I giudici della Corte dei Conti della Liguria hanno assolto, dalla richiesta di risarcimento per danno patrimoniale indiretto, 26 poliziotti per i pestaggi accaduti all’interno della Diaz durante il G8 di Genova del 2001. I fatti contestati dalla procura contabile ligure riguardano i risarcimenti imposti dalla Corte Europa dei Diritti dell’Uomo: per i giudici contabili la condanna dell’Italia è avvenuta proprio per la mancanza del reato di tortura nella legislazione italiana.

Con la sentenza del 7 aprile del 2015, la Corte Europea dei Diritti dell’Uomo aveva accolto il ricorso di una della vittime dei pestaggi avvenuti alla Diaz condannando lo Stato italiano a versargli 45 mila euro. Nel suo ricorso, l’uomo evidenziava di essere “stato vittima di violenze e sevizie qualificabili come atti di tortura nel corso dell’irruzione delle forze di polizia nella scuola Diaz di Genova, luogo adibito, per l’occasione, a dormitorio”.

Secondo la Corte dei Conti, a dover pagare parte del risarcimento dovevano essere anche gli autori degli atti di violenza e i vertici che non avevano fatto nulla per evitare che accadessero. Da qui la richiesta ai 26 poliziotti di risarcire 33 mila euro, pari al 75%. I magistrati contabili hanno sottolineato la lacuna normativa che non prevedeva il reato di tortura.
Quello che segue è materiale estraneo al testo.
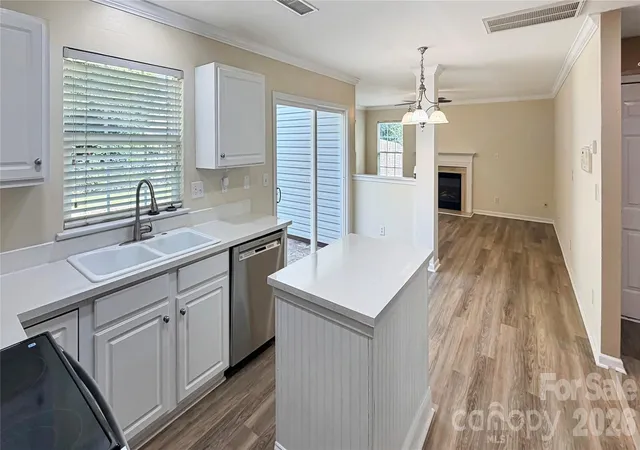 Photo 3 of Single family home for sale at 9334 Arbor Crk Dr, Charlotte, NC 28269 | MLS# 4425458 | Listing updated on 2026-09-17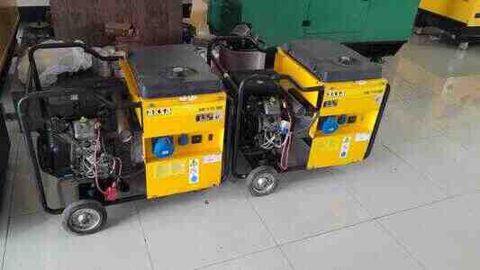 Generator — Kommutasiya avadanlığı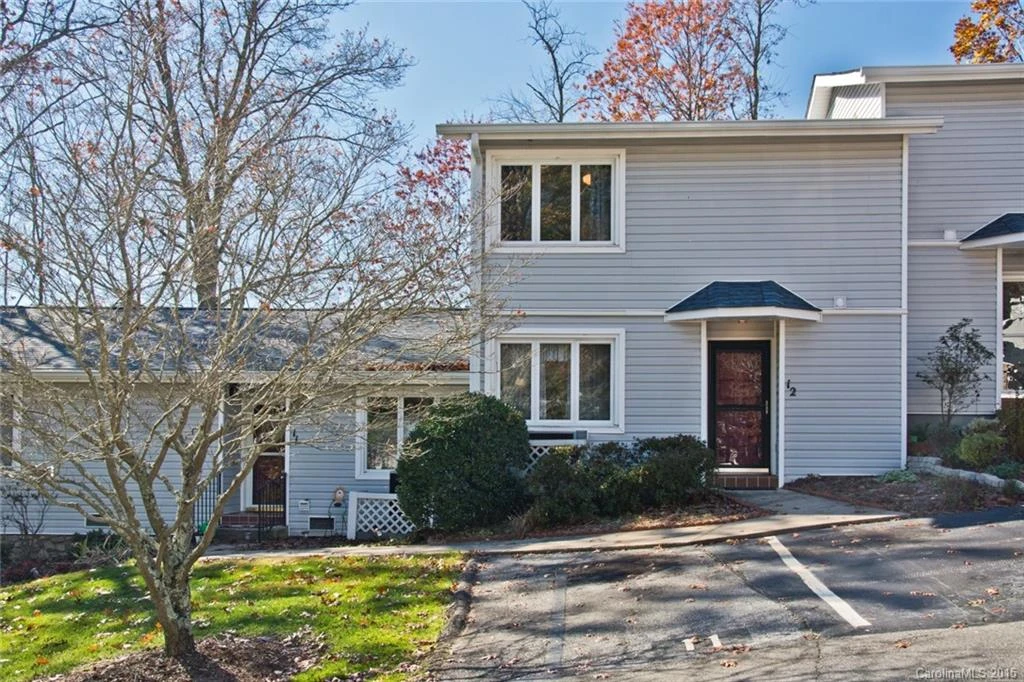 12 Hollybrook Drive #12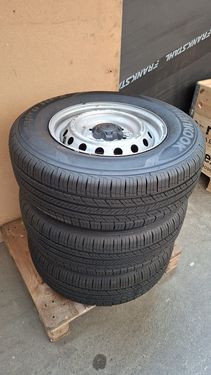 Sonstige Sommerreifen auf Stahlfelgen Ford Ranger, 3 Stüc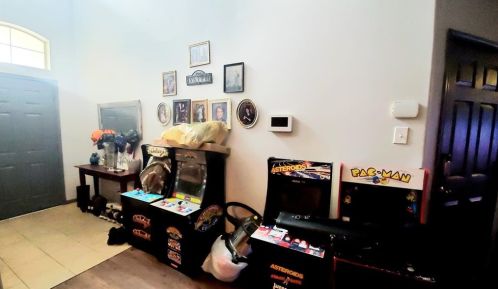 8603 Highlands Xing, Highlands, TX 77562-2257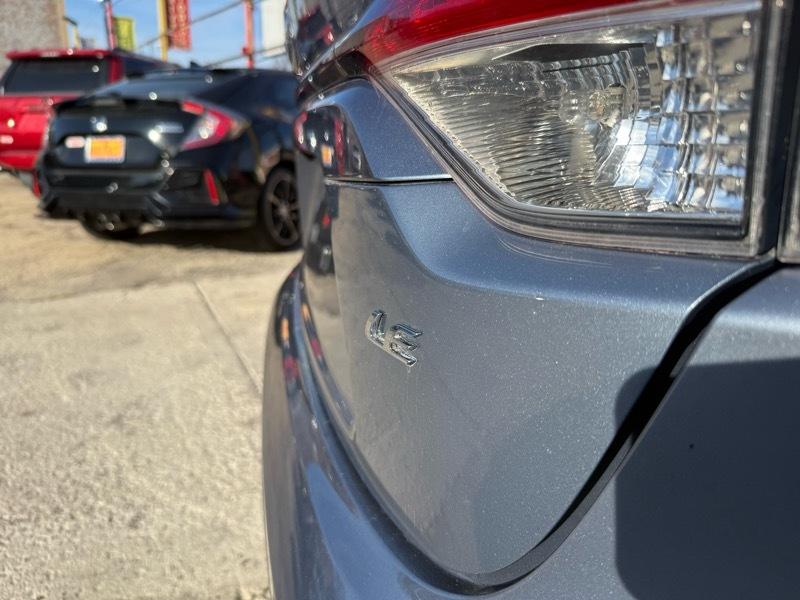 Toyota Corolla LE 2021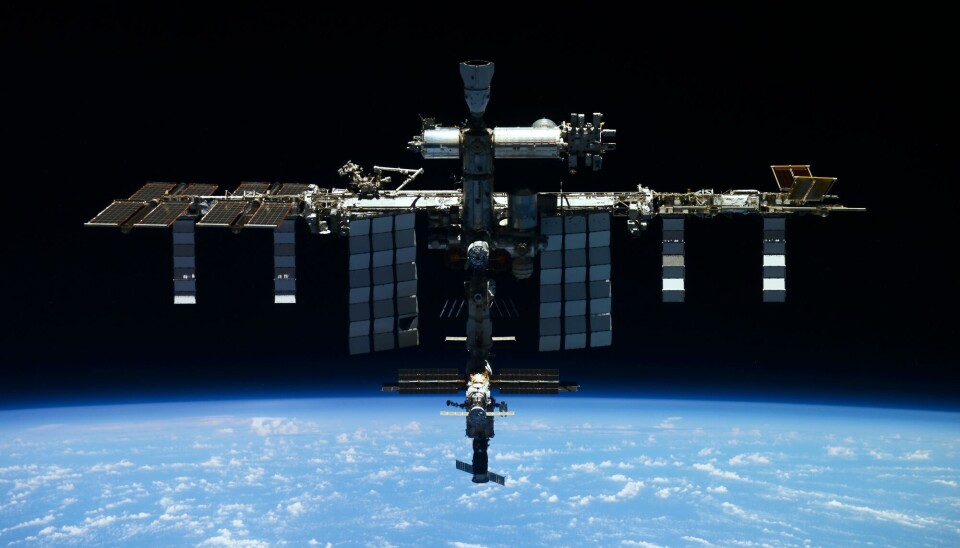 Slik ser Den internasjonale romstasjonen ut i fri flyt over jordkloden.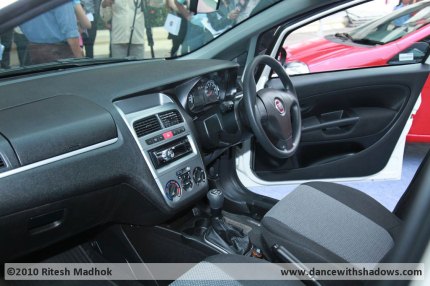 fiat-punto-interior-photo Fiat Punto 1.2 Dynamic and Emotion variants launched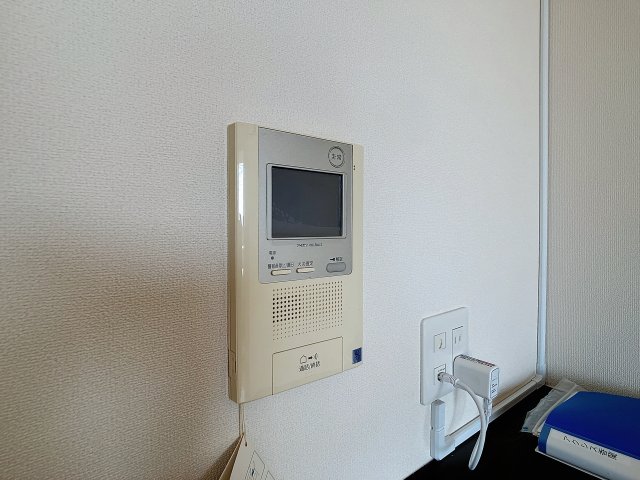 セキュリティ　掲載写真は同型モデルを掲載しており実際のお部屋と仕様等が異な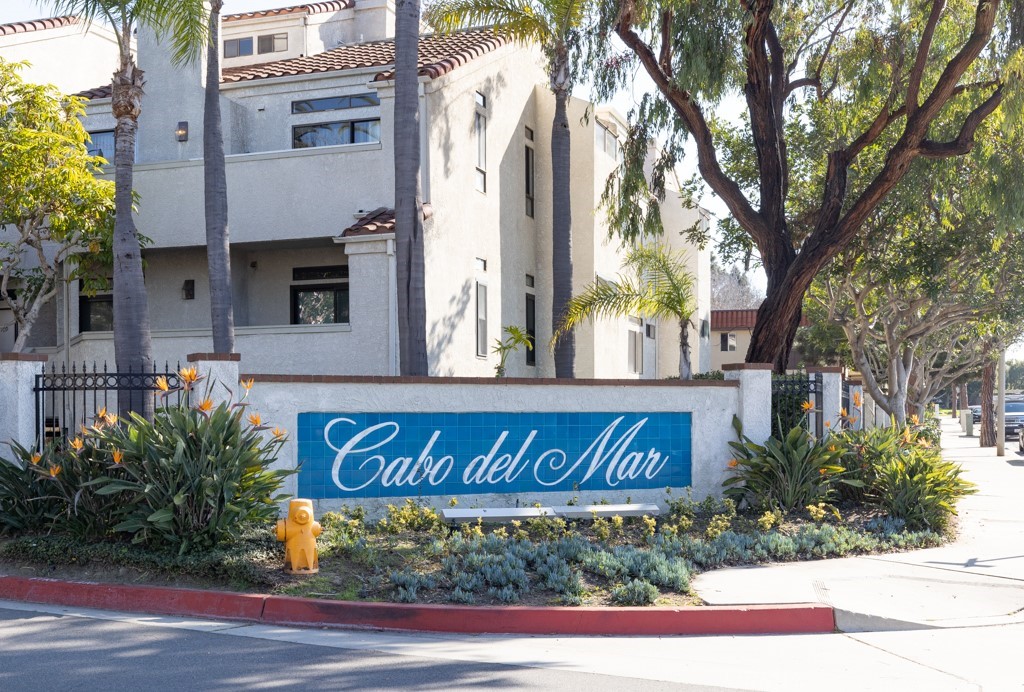 Have it all with this Huntington Beach studio located in the resort-like complex of Cabo Del Mar. Swimming pool, spa, sauna, tennis court, racquetball court and only steps away from the Bolsa Chica Wetlands. Want to enjoy Orange County weather without leaving home? Just step out onto the large balcony and relax with the cool ocean breeze. When you're ready to rest inside, you can sit back and enjoy the fireplace or unwind in the large soaking tub. Still not sure? With most condos, you have to use community laundry or go to a laundry mat. Not here. This unit includes an in-unit washer and dryer. Parking is also included, with an assigned spot in the covered parking garage. Come check out this Huntington Beach studio and make it yours!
Per i giudici la condanna all’Italia è avvenuta proprio per questa lacuna legislativa e per questo gli atti violenza commessi dalle forze dell’ordine sulle persone presenti all’interno della Diaz sono stati perseguiti come lesioni personali, semplici o aggravate.

I giudici nella loro sentenza di assoluzione, la prima di questo filone, evidenziamo come “di detto danno non può rispondere altro soggetto diverso dallo Stato, cui competeva l’introduzione della normativa più severa reclamata dal ricorrente, e di cui la Corte Edu ha stigmatizzato la colpevole assenza”.